§ **WHAT YOU SHOULD DO**: Every record must reappear in the answer exactly as given.

Collected data:
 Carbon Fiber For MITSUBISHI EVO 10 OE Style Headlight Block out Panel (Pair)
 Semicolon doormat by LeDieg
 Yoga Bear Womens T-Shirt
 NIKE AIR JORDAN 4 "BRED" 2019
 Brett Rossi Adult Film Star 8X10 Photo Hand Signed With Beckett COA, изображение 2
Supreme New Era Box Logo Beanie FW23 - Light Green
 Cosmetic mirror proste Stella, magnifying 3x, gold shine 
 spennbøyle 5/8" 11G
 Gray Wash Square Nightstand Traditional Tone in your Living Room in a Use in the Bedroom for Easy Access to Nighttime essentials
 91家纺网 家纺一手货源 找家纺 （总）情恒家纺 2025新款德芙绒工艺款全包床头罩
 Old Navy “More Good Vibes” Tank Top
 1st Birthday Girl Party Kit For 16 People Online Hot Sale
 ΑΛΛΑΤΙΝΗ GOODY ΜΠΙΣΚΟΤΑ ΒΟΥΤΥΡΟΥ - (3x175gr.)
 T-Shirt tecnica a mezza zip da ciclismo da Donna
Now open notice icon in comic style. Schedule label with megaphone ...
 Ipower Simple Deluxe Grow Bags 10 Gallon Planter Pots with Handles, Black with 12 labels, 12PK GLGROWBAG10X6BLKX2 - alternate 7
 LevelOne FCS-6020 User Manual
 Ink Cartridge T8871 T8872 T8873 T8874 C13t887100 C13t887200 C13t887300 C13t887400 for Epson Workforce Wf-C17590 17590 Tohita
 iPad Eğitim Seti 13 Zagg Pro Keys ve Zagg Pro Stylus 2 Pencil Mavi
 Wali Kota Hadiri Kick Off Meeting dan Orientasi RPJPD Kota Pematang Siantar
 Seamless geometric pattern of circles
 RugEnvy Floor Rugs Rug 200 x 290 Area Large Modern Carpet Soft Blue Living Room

§ **TASK RESPONSE**:
 Carbon Fiber For MITSUBISHI EVO 10 OE Style Headlight Block out Panel (Pair)
 Semicolon doormat by LeDieg
 Yoga Bear Womens T-Shirt
 NIKE AIR JORDAN 4 "BRED" 2019
 Brett Rossi Adult Film Star 8X10 Photo Hand Signed With Beckett COA, изображение 2
Supreme New Era Box Logo Beanie FW23 - Light Green
 Cosmetic mirror proste Stella, magnifying 3x, gold shine 
 spennbøyle 5/8" 11G
 Gray Wash Square Nightstand Traditional Tone in your Living Room in a Use in the Bedroom for Easy Access to Nighttime essentials
 91家纺网 家纺一手货源 找家纺 （总）情恒家纺 2025新款德芙绒工艺款全包床头罩
 Old Navy “More Good Vibes” Tank Top
 1st Birthday Girl Party Kit For 16 People Online Hot Sale
 ΑΛΛΑΤΙΝΗ GOODY ΜΠΙΣΚΟΤΑ ΒΟΥΤΥΡΟΥ - (3x175gr.)
 T-Shirt tecnica a mezza zip da ciclismo da Donna
Now open notice icon in comic style. Schedule label with megaphone ...
 Ipower Simple Deluxe Grow Bags 10 Gallon Planter Pots with Handles, Black with 12 labels, 12PK GLGROWBAG10X6BLKX2 - alternate 7
 LevelOne FCS-6020 User Manual
 Ink Cartridge T8871 T8872 T8873 T8874 C13t887100 C13t887200 C13t887300 C13t887400 for Epson Workforce Wf-C17590 17590 Tohita
 iPad Eğitim Seti 13 Zagg Pro Keys ve Zagg Pro Stylus 2 Pencil Mavi
 Wali Kota Hadiri Kick Off Meeting dan Orientasi RPJPD Kota Pematang Siantar
 Seamless geometric pattern of circles
 RugEnvy Floor Rugs Rug 200 x 290 Area Large Modern Carpet Soft Blue Living Room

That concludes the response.